L'action face aux changements climatiques n'est pas un fardeau économique à supporter mais une chance à saisir. La relation entre une énergie propre et durable et une croissance économique robuste est la marque de l'économie mondiale du XXIe siècle. Avec le soutien voulu, les pays en développement peuvent sauter les phases les plus polluantes du développement et tirer parti des possibilités offertes par les sources d'énergies nouvelles et propres.
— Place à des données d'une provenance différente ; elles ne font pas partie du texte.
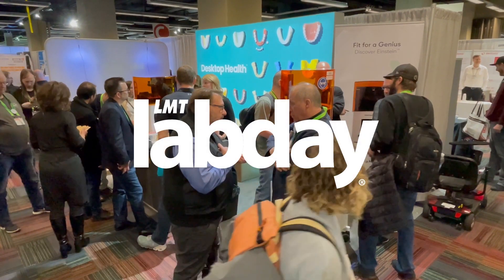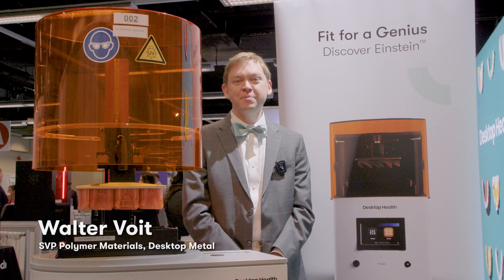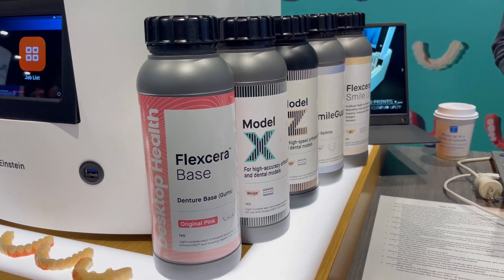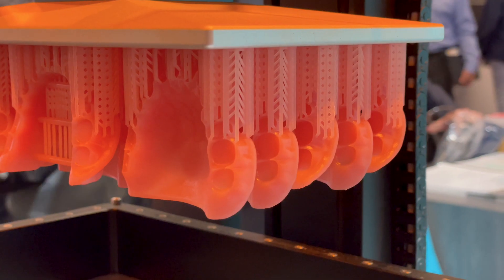We're here at Chicago Lab Day and we've recently launched the Einstein Pro XL, one of the largest high-production DLP printers for printing premier dental products like our Flexera brand resins, including Flexera Smile Ultra Plus and Flexera Base.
Telle est la voie de l'avenir.
Les États-Unis appliquent une stratégie à composantes multiples pour engager la communauté internationale à intervenir et pour encourager les pays en développement à renforcer leur action.
En premier lieu, nous sommes pleinement déterminés à participer au processus de négociation de la CCNUCC. Notre équipe de négociateurs est revenue récemment de son troisième voyage à Bonn et nous continuerons de prendre part aux sessions de négociation qui mèneront à la réunion de Copenhague en décembre.
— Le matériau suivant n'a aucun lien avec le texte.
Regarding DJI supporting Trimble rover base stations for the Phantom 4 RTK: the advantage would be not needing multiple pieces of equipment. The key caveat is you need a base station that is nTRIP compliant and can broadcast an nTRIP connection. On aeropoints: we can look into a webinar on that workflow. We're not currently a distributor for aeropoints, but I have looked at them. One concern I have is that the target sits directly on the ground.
En deuxième lieu, nous avons établi un vigoureux dialogue entre 17 des plus grandes économies du monde, dont la Chine, l'Inde, le Brésil, le Mexique, la Corée du Sud, l'Afrique du Sud et l'Indonésie, par le biais de notre Forum des grandes économies sur l'énergie et le climat. Ce forum, qui s'est réuni en juillet en Italie, au niveau des chefs d'État et de gouvernement, à la suite immédiate de la réunion du G8, offre une occasion unique de mener des débats francs et ouverts entre les grandes économies du monde sur un certain nombre de questions complexes, telles que l'atténuation des changements climatiques, l'adaptation, la technologie et les finances, qui se situeront au cœur même des travaux de Copenhague.
En troisième lieu, nous concentrons aussi notre attention sur les relations bilatérales clés. Le gouvernement Obama a intensifié ses efforts de renforcement des relations sino-américaines, et les changements climatiques figurent en bonne place dans ce dialogue. J'ai accompagné la secrétaire d'État Clinton en février lors de son premier voyage en Chine, où elle a inscrit le défi des changements au rang de nos priorités. Le ministre de l'énergie Steven Chu et le ministre du commerce Gary Locke ont transmis à la Chine des messages analogues durant leurs visites subséquentes. Par ailleurs, le département d'État et le ministère des finances ont été récemment les hôtes de réunions du Dialogue stratégique et économique avec la Chine, lors desquelles les deux pays ont signé un mémorandum d'accord sur l'énergie propre et le climat. En termes simples, une solution mondiale n'est pas envisageable si nous ne parvenons pas à progresser avec la Chine. Je me suis également rendu en Inde, avec la secrétaire d'État Clinton, puis au Brésil, seul, pour consulter deux de nos grands partenaires, approfondir notre dialogue avec eux et examiner les possibilités pour nos pays de progresser et de faire en sorte que les négociations de la CCNUCC de Copenhague débouchent sur des accords opérants.
Il est rare qu'il nous soit donné une occasion aussi claire de façonner notre avenir et d'améliorer nos conditions de vie pour le bénéfice de multiples générations à venir. Les États-Unis sont fermement déterminés à parvenir à un accord international solide et j'ai pleine confiance dans notre aptitude, par des actions collectives, à relever le défi des changements climatiques mondiaux.